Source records
──────
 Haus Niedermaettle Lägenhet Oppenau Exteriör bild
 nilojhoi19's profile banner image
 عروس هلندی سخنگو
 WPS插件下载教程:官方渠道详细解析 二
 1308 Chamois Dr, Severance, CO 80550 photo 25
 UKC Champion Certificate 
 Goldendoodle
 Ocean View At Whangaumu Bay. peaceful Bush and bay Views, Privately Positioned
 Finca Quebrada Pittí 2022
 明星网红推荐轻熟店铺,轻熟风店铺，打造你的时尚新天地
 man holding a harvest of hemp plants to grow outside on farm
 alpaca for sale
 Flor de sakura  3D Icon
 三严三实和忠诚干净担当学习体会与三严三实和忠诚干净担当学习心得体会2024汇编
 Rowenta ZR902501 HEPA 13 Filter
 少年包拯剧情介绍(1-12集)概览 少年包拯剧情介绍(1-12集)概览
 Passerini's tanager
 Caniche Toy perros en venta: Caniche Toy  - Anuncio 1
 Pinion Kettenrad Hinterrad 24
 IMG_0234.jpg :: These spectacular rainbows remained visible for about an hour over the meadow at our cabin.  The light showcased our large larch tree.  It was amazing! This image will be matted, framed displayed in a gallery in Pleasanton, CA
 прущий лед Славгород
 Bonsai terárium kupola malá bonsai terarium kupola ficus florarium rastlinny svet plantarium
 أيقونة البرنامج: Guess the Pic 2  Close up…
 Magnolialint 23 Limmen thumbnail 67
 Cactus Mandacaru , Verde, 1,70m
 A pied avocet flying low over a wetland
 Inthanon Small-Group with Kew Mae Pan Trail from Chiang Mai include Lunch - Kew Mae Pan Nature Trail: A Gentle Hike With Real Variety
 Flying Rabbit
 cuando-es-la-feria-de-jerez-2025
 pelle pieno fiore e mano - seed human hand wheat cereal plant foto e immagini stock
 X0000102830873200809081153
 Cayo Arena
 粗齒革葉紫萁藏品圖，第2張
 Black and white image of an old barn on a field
──────
Task prompt: This task calls for an exact reproduction of the lines that start at the one containing "X0000102830873200809081153" and continue to the end of the entries above.

Task result:
 X0000102830873200809081153
 Cayo Arena
 粗齒革葉紫萁藏品圖，第2張
 Black and white image of an old barn on a field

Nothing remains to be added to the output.